# Book Raffle - Rough Ride by Pal Kimmage



## Panter (11 Oct 2009)

Kindly passed to me by Rigid Raider and up for grabs when I draw in a few days.

It's a stonking read and highly recommended


----------



## JiMBR (11 Oct 2009)

Me please


----------



## ComedyPilot (11 Oct 2009)

Yes please


----------



## Landslide (11 Oct 2009)

In the hat please!


----------



## theloafer (13 Oct 2009)

..me to please


----------



## Archie (23 Oct 2009)

Well, it's been on offer a while, but: yes please.


----------



## Panter (24 Oct 2009)

Congratulations, Comedy Pilot wins the draw, and thanks Archie for the reminder 

pm me your details and I'll get it in the post


----------



## ComedyPilot (24 Oct 2009)

PM Sent


----------



## ComedyPilot (19 Nov 2009)

Well, a very interesting and eye-opening read.

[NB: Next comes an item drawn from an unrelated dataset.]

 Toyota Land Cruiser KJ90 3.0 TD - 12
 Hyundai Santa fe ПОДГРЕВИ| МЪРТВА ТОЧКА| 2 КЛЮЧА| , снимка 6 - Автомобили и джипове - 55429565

But it is on the road again for Rough Ride by Paul Kimmage.

Anyone want it, names in the hat, drawn on Monday 23/11/09


----------



## JiMBR (20 Nov 2009)

Me please


----------



## TheDoctor (20 Nov 2009)

And me!!


----------



## ComedyPilot (22 Nov 2009)

Ping: only 2 in the hat, does no-one else want to read this?


----------



## ComedyPilot (23 Nov 2009)

Well, with only two names in the hat, it won't take much drawing.


Drum roll........derrrrrrrrrrrrrrrrrrrrrrrrrrr


And the winner is....TheDoctor.

Usual protocol; PM the address, and I'll post it this week.


----------



## TheDoctor (28 Nov 2009)

Ooh, cheers very much!!


----------



## JiMBR (28 Nov 2009)

How can I possibly win against someone called 'TheDoctor'!?

Surely the use of a sonic screwdriver and a tardis is cheating.


----------



## ComedyPilot (28 Nov 2009)

JiMBR said:


> How can I possibly win against someone called 'TheDoctor'!?
> 
> Surely the use of a sonic screwdriver and a tardis is cheating.



It was a close call, you were second out of the hat


----------



## ACS (28 Nov 2009)

& me please


----------